Cantora Juliana Ribeiro relembra alguns momentos com Riachão
Famoso
por suas crônicas em forma de música que retratam o cotidiano da Bahia, sambista morreu em
fins de março; meses antes, ilustre admiradora do mestre, que também é
historiadora, conduziu palestra em homenagem ao amigo
Matéria atualizada em 18 de agosto de 2020, data do aniversário de Juliana, às 19h58
Matéria atualizada em 18 de agosto de 2020, data do aniversário de Juliana, às 19h58
Segundo
Juliana, primeira música de Riachão foi composta aos doze anos e falava de suas
traquinagens como moleque
Hugo
Gonçalves – 20/08/2019
O
samba perdeu, em 30 de março último, um dos seus proeminentes cronistas que, impregnado
de malandragem, irreverência e perspicácia, soube tecer um retrato fiel da
Bahia e de sua gente graças às suas canções imortais. Considerado mestre do
gênero, o cantor e compositor Riachão, apesar de sua vivacidade, partiu aos 98
anos, dos quais mais de setenta foram dedicados exclusivamente à música e à
difusão da cultura popular.
Nascido
e criado no Garcia, centro de Salvador, em 14 de novembro de 1921, seu nome de
batismo era Clementino Rodrigues, fruto da união de dona Stephania, uma
lavadeira, com o senhor José Euzébio, um carroceiro. Seu apelido, que décadas
mais tarde o consagraria no cenário artístico baiano e nacional, surgiu na
juventude, pelo fato de ser um rapaz brigão, ganhando fama no bairro.
“Os
antigos diziam: ‘Esse rapaz, está pensando, não tem riachão que passe, não tem
riachão maior! Está pensando que é maior que riachão?
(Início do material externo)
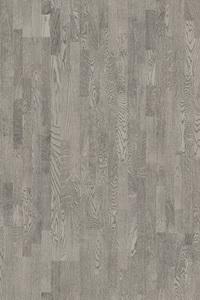 Паркетная доска Дуб Concrete Grey 3S Karelia Urban Soul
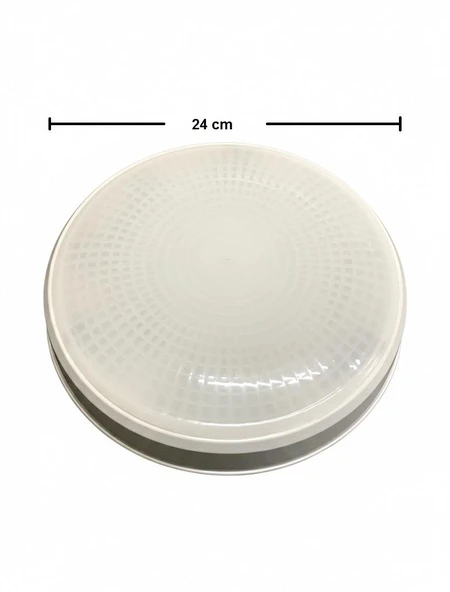 Han Ledli Tavan Armatürü - Resim 5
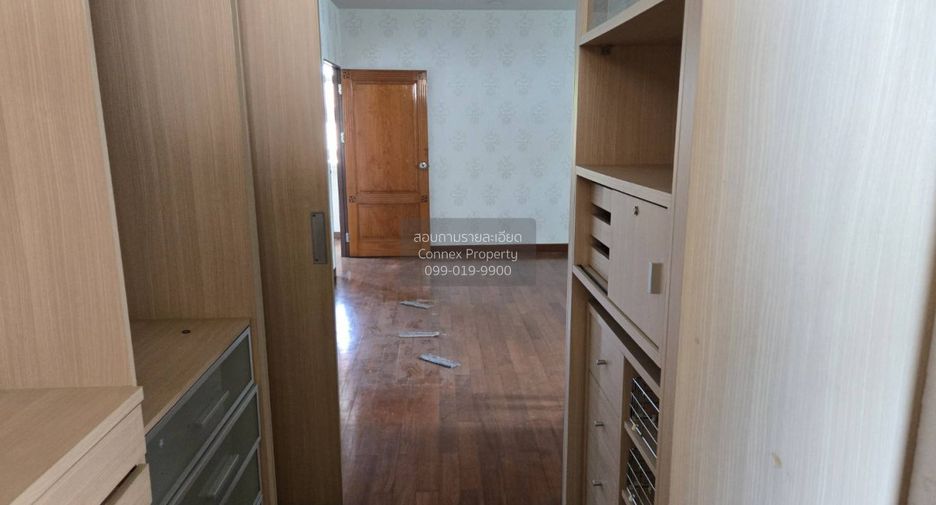 À vendre 3 chambres maison à Bang Bon, Bangkok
Oxente!’ (...) Aí se deu
o nome Riachão”, disse a cantora, compositora e historiadora Juliana Ribeiro – que completou 42 anos nesta terça-feira (18) –, ao conduzir uma palestra dedicada ao sambista, com quem construiu uma
profícua amizade, no salão nobre do Instituto Geográfico e Histórico da Bahia
(IGHB), meses antes da morte do homenageado.
Presente
na ocasião, o mestre, muito lisonjeado e explicitando toda a sua plenitude,
jovialidade e resiliência necessárias, fez um depoimento emocionante nos instantes que
precederam o início da preleção de sua fiel admiradora, sendo ovacionado pela
plateia. “Para mim, o samba é Deus e Deus é o samba. O samba é alegria, é vida,
é ternura, é tudo de bom. O samba é Deus, Deus é a música. (...) Então, a
música está realmente no coração de toda a humanidade!”
Conforme
contou Juliana, a primeira das mais de 500 composições de Riachão, um samba sem
título, foi feita aos doze anos de idade. Ainda segundo ela, quando o então menino
Clementino escreveu a música, “era um moleque levado, traquina, e aí o pessoal
falava muito disso, que era um menino muito levado. Aí, ele fez uma música
sobre isso, falando do quão moleque traquina realmente ele era”.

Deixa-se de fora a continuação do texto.